Anonymous 0 Comments

A parabola is just a mathematical shape, and a quadratic equation is just an equation that makes a parabola.

Like a lot of things in math, it’s hard to get into detail as to what they “mean,” by themselves, because by themselves they don’t mean anything. Sort of like how a hammer can be used to hammer in nails, but it can also be used to break things, pry things apart, fight someone, or if you really want to get creative you can tie a rope to it and use it as a makeshift anchor or something. Tools in math are no different than the hammer, but tend to have _even more uses_ making it really difficult to develop an intuitive grasp on them unless you already have some kind of use for them where you can build connections yourself.

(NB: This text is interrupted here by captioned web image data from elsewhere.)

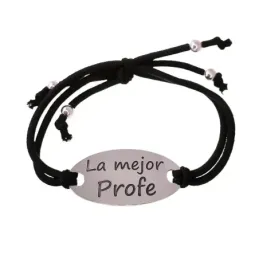 Pulsera plata ley 925m lisa chapa LA MEJOR PROFE goma [AA9932]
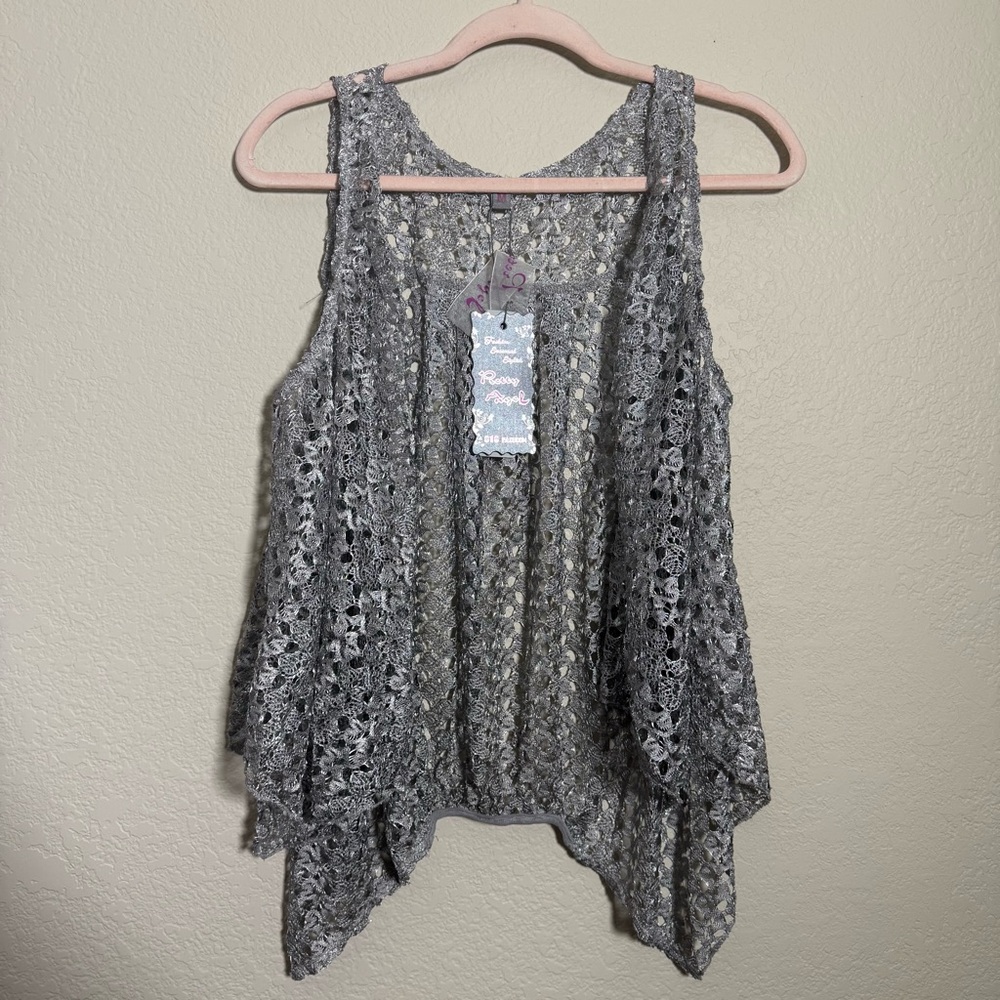 NWT Pretty Angel Silver Silk Blend Sleeveless Lace Open Front Cover Up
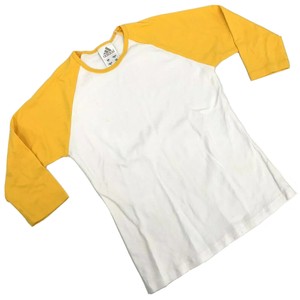 yellow and white baseball tee womens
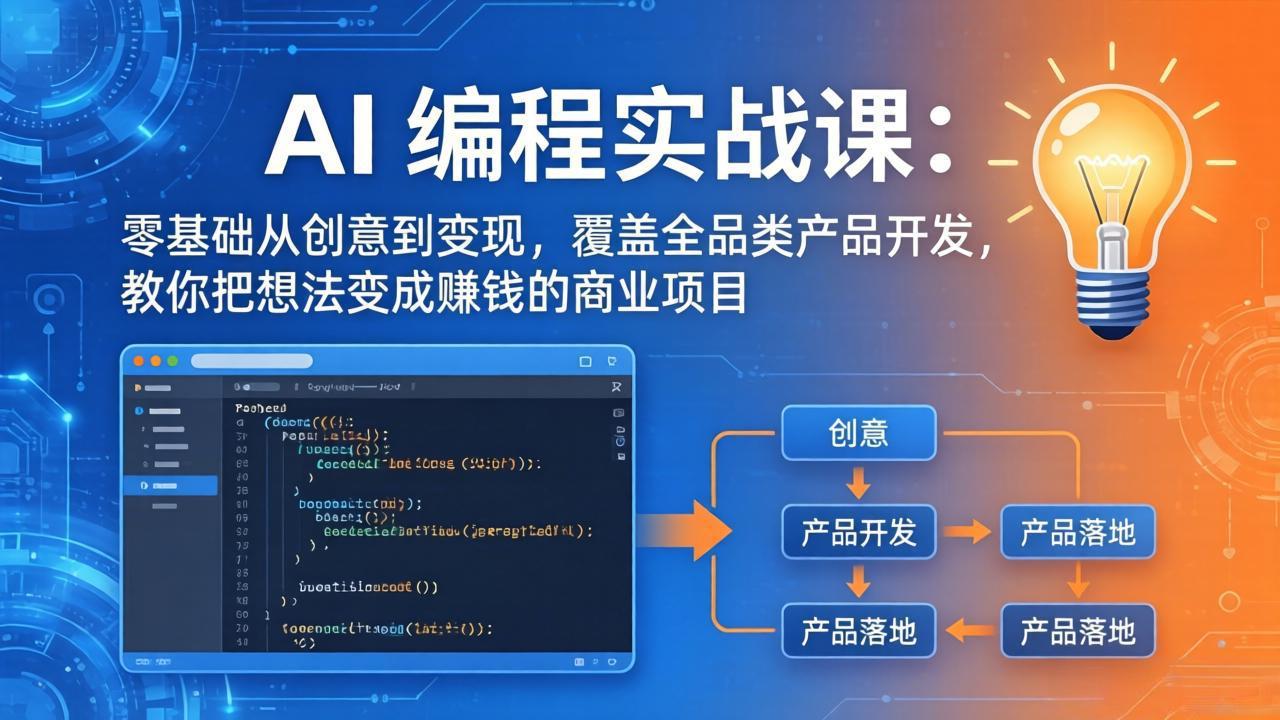 （18084期）AI编程实战课-第三期-4月17更新：零基础从创意到变现，覆盖全品类产品开发，把想法变成赚钱项目-翌晨科技网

The reason we learn about parabolas and quadratic equations though is because they show up in a lot of different math. A parabola is just “a^2” after all, so you’re going to be seeing that a lot, meaning it’s super helpful to learn things like the quadratic formula and ways to solve or otherwise work with quadratics, because it will help you work with a bunch of equations you’re likely to come across in the future.